Mario Botta. Spazio Sacro

Ritratto di Mario Botta, 2012
© Claude Dusset
From 25 March to 12 August 2018 the Pinacoteca Comunale Casa Rusca in Locarno will host one
review of the architectures of the sacred by Mario Botta.
Mario Botta. Spazio Sacro “is an exhibition project curated by Mario Botta Architetti, with the scientific direction of Rudy Chiappini. After presenting internationally renowned artists (Valerio Adami, Fernando Botero, Hans Erni, Mimmo Rotella, Javier Marín and Robert Indiana), the Museum inaugurates the exhibition program of the 2018 with an exhibition dedicated to Mario Botta, extending its horizon of research and interest also to architecture.
The exhibition will take place in the rooms of the Pinacoteca and in the impressive pavilion built for
the opportunity in the external courtyard. For the first time ever, 22 architectures are presented
made in different countries: Switzerland, Italy, France, Israel, Ukraine, South Korea and China. It deals with 18 buildings, 3 works in progress and a proposal for a chapel at the airport of Malpensa. All projects are documented with original models, drawings and blow-ups.

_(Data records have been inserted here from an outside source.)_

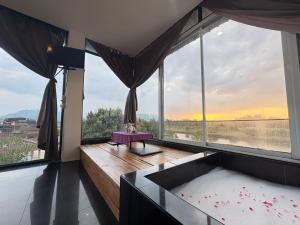 Postel nebo postele na pokoji v ubytování Nava Tara Resort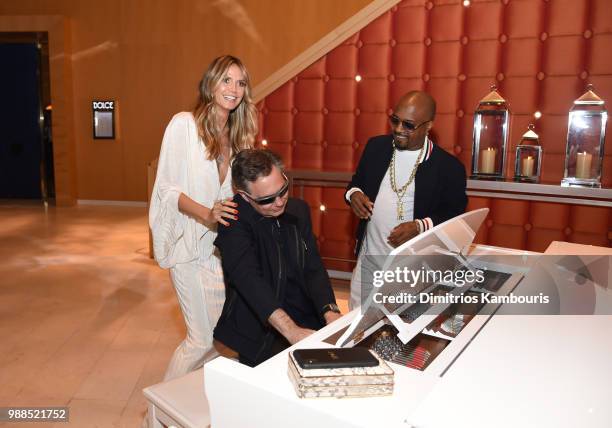 Model Heidi Klum, Niche Media and DuJour Media Jason Binn and composer, recording artist Jermaine Dupri play piano as they attend a dinner at...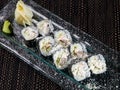 Sushi roll with seafood and avocado on a glass plate on dark background Royalty Free Stock Photo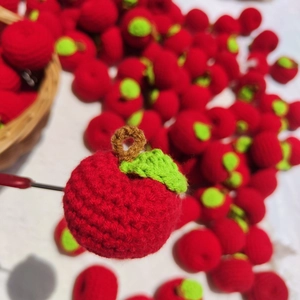 Handmade crochet red apple keychain with green leaf on a knitted wool background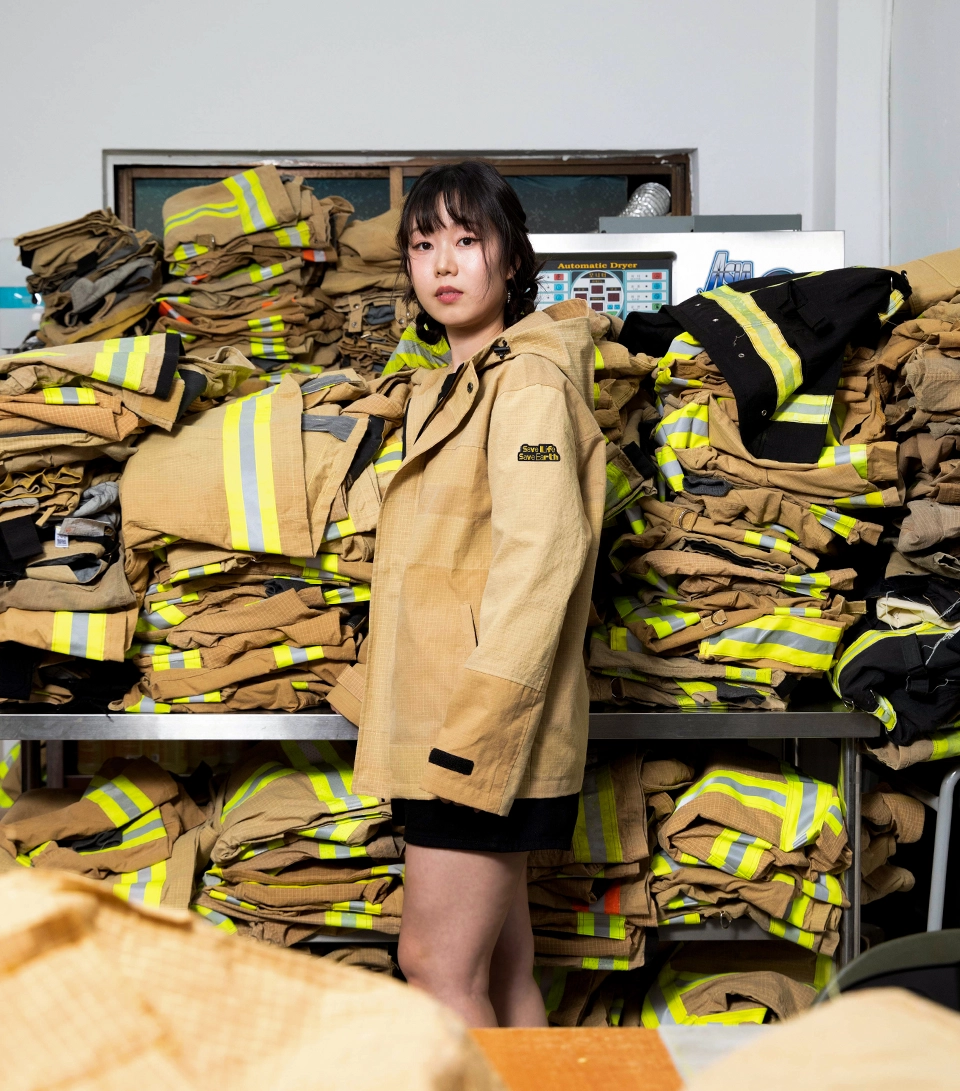 자켓 샘플 이미지: 쌓인 폐방화복 앞에 자켓을 입고 포즈를 취한 여성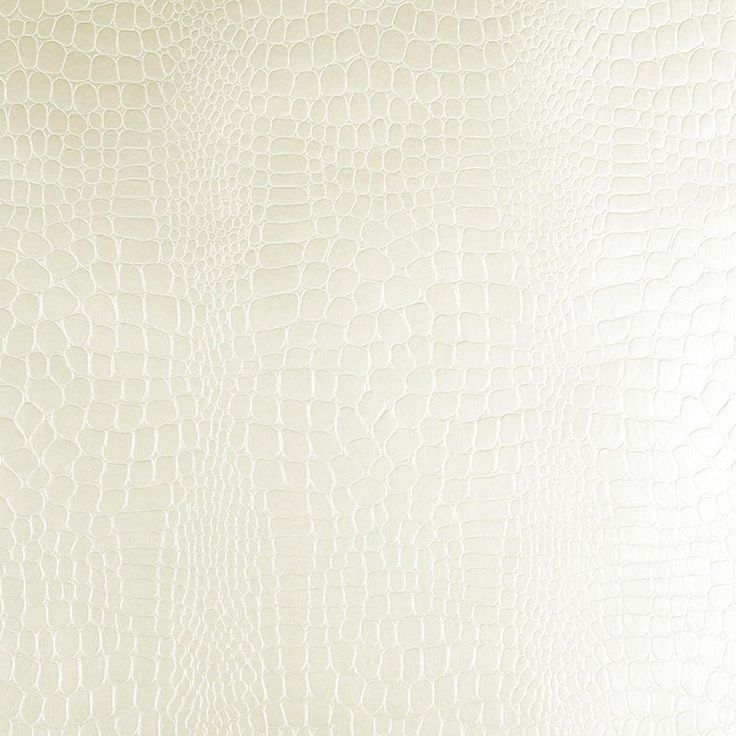 white leather textured up close to the surface with an interesting pattern on it's surface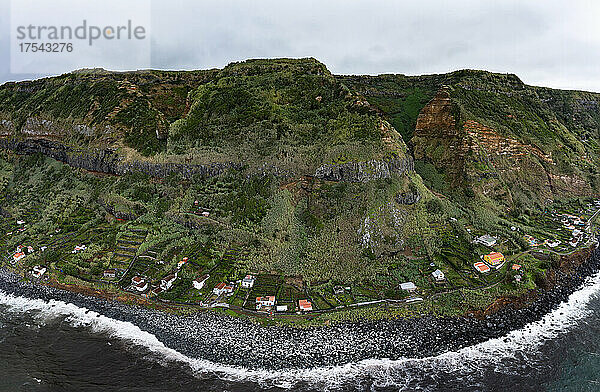 Houses on coast with mountain range at Rocha da Relva  Sao Miguel Island  Azores  Portugal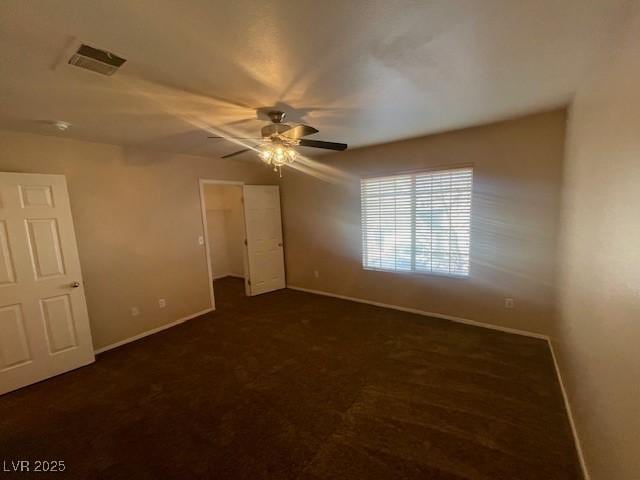 unfurnished bedroom with ceiling fan, dark carpet, and a closet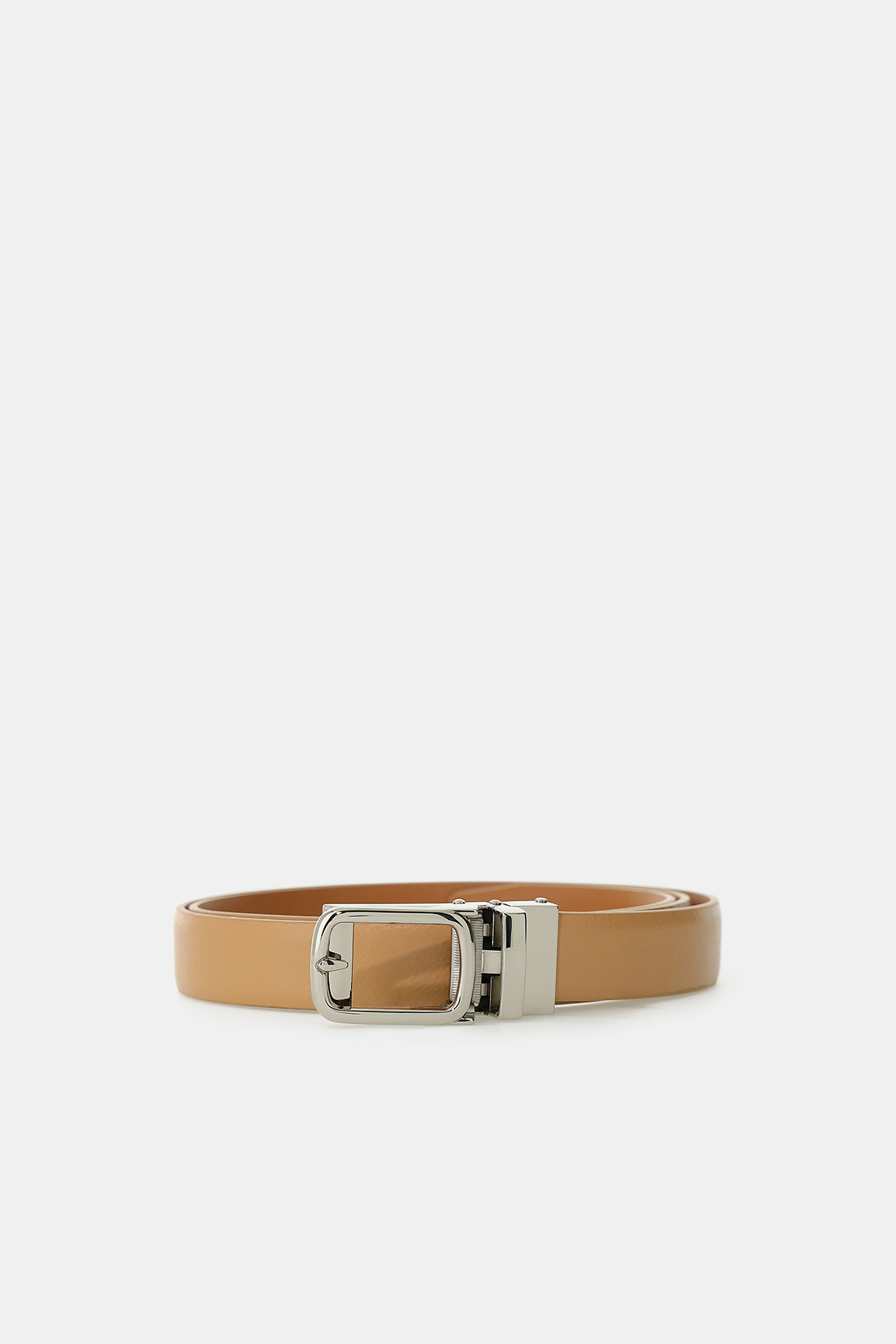 Tan leather belt with polished silver rectangular buckle laid flat on white background, fashion accessory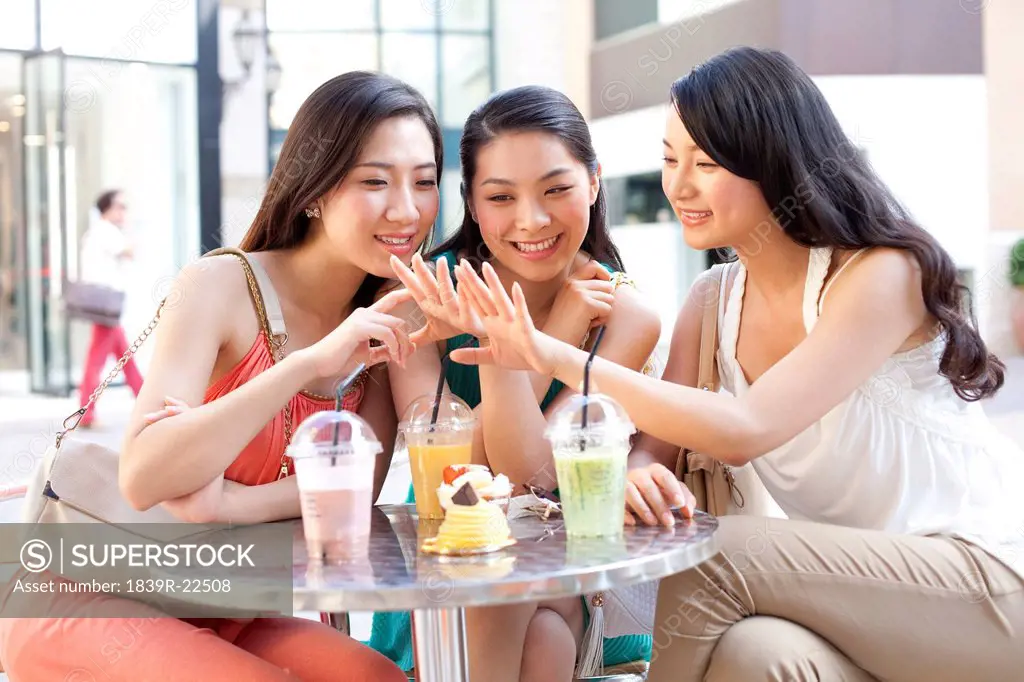 Best female friends sitting at sidewalk café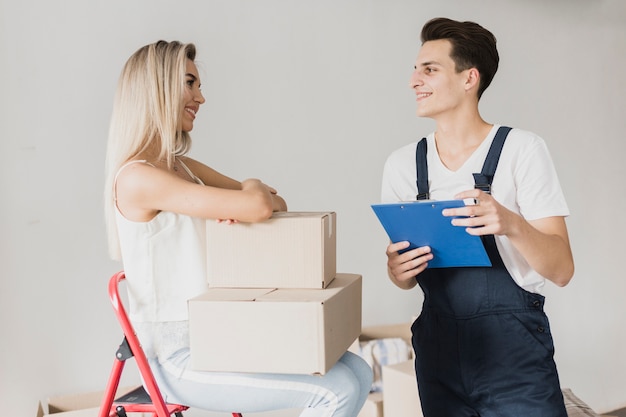 Adorable young couple ready to move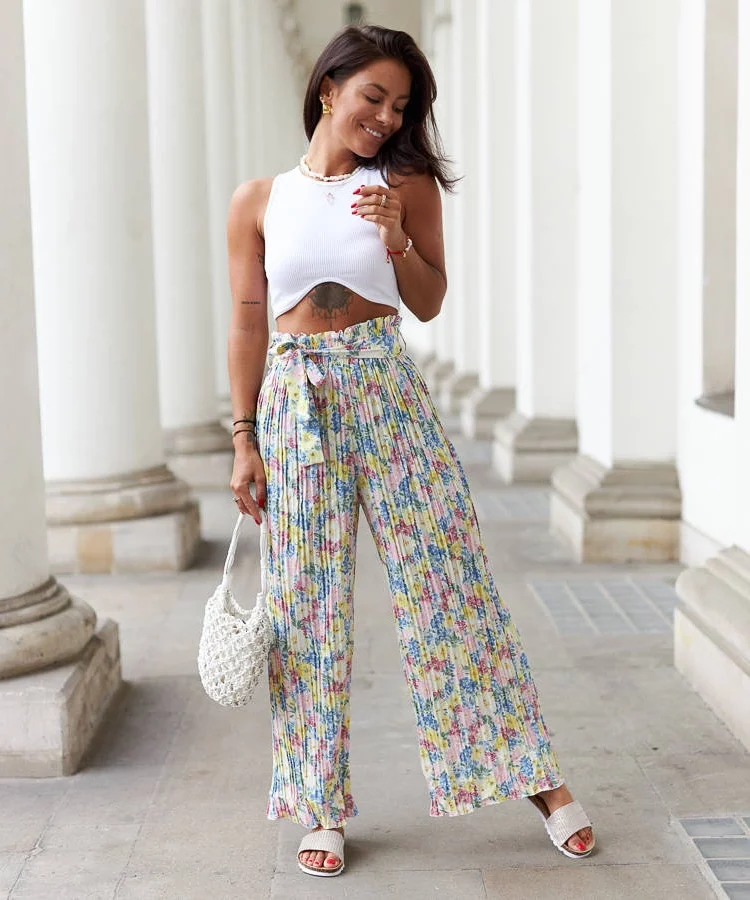 Żółte plisowane spodnie w kwiaty Cesate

Chiesa di San Giovanni Battista, Mogno (Svizzera), 1986-1996
© Enrico Cano


The exhibition documents a typology dear to the architect Mario Botta who, in many years of activity, has had several opportunities to confront the dimension of the sacred, so as to come to affirm that “through the buildings of worship I have the impression of having identified the deep roots of the architecture itself. The concepts of gravity, threshold and light as the generatrix of space, the game

of the proportions and the rhythmic progress of the constructive elements, make the architect rediscover them primary reasons, of a somewhat sacred nature, of the architecture itself. “
The ability of the Swiss architect is indeed to develop an architectural language based on the study of primary forms, pure volumes, elementary geometry and natural materials.
An important challenge to win for Botta is to compete with the infinite through finite elements, figures
simple that are more easily distinguishable and in which all can be recognized.
The architecture of the sacred, in the creative path of Botta, starts from the need for an inherent spirituality man. Each of the 22 buildings, beyond the religious confessions to which they are intended (Judaism, Christianity and Islamism), stands as a paradigm of a way of interpreting it need, to give shape to the collective values ​​of our life, modeling light and space so as to draw from it a recognized and shared symbolic meaning. All this recovering the constructive tradition of the in particular, the use of bricks and stone, the latter often coming from localities where the architect implements his interventions, with this aim also pursuing the goal of contextualize their architectures respecting the genius loci.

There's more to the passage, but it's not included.